“Events, my dear boy, events,” responded Harold McMillan to a young journalist when asked what had been the toughest part of his job as Prime Minister of England.
These words must be resounding in the mind of President Barack Obama as he prepares for his European trip this week. Indeed, the strategically selected, European venues were the perfect gathering points to deal in an effective manner with two U.S. strategic interests: controlling Iran’s nuclear might and advancing the now forgotten US-EU free trade agreement.
But stars seemed to have aligned against these carefully planned designs to favor a back to the future approach to Cold War. As Russia proceeds to the annexation of Crimea, which President Vladimir Putin took by surprise, the U.S. and Europe need now to figure out whether Russian expansionism will be satisfied.
Because it might well happen that in Putin’s mind Crimea is the appetizer in a four-course meal that might include Moldova and other Baltic states or provinces within the Baltic Nations. The choices are not beautiful at all. Confrontation of this messianic leader could open a Pandora’s Box of low-intensity conflicts and a potential energy blackout. Appeasement might lead to the need to organize the world into gated communities with a selected and recognized steward watching over each one. The world would turn into a collection of condominiums where China would reign in the Far Asia; India in Central Asia; Russia in Eurasia; the United States presumably in Latin America and Europe.
Needless to say that life would be simpler as the U.N. Security Council would not need any rotating members; the multilateral financial institutions would not have to waste their time with voting members who are in default like Argentina and managed trade would rule the day.

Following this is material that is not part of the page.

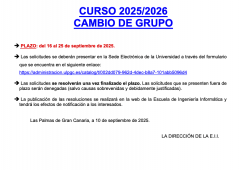 Cartel informativo del cambio de grupos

But this scenario definitively was not the photo-op material dreamed by the White House when planning for this trip. In fact, the condominium approach to organize the world was precisely what the U.S. fought tooth and nail ever since 1945 on the grounds that it curtailed freedom and trade. In Brussels, the free trade agreement discussions will be as obvious as the route taken by Malaysian Airlines 370 after its radar went mute. This is not the best turn of events for a president that has made a point of indicating his desires to concentrate on domestic policy during his remaining three years in office.
But the European trip includes another stop that so far had been seen as great photo-op for the president. The visit to Pope Francis provides Obama with an opportunity to discuss one of his favorite issues in world affairs: fighting poverty. But it so happens that there is the small issue of Venezuela where a student protest has unveiled the Cuban colonization of that country and enormous influence of five others in Latin America.
And although none of these countries poses a national security threat to the U.S., the evolution of this trend needs to be brought to a halt. Indeed, Latin America — besides being the most important trading partner to the U.S. after Europe — is also the rejuvenating factor to the U.S. workforce. So far, the ongoing race staged by many Latin American countries toward consolidating a middle-class status is creating conditions conducive to a significant century-wide industrial redeployment in the U.S. Should 21st century socialism take hold, half the continent will succumb to poverty.
Thus, the Venezuelan divide needs to be addressed inside and outside that country. And this is where Francis could play a significant role. His subtle but effective stand against the ferocious Argentinean dictators and his non-confrontational but inclusive approach to liberation theology made him an uncontested adviser on Latin American to many pontiffs. This wealth of knowledge could be effectively put to use to resolve the Venezuelan crisis. If so, the trip would be fully worthwhile. At least in terms of the U.S. national interest.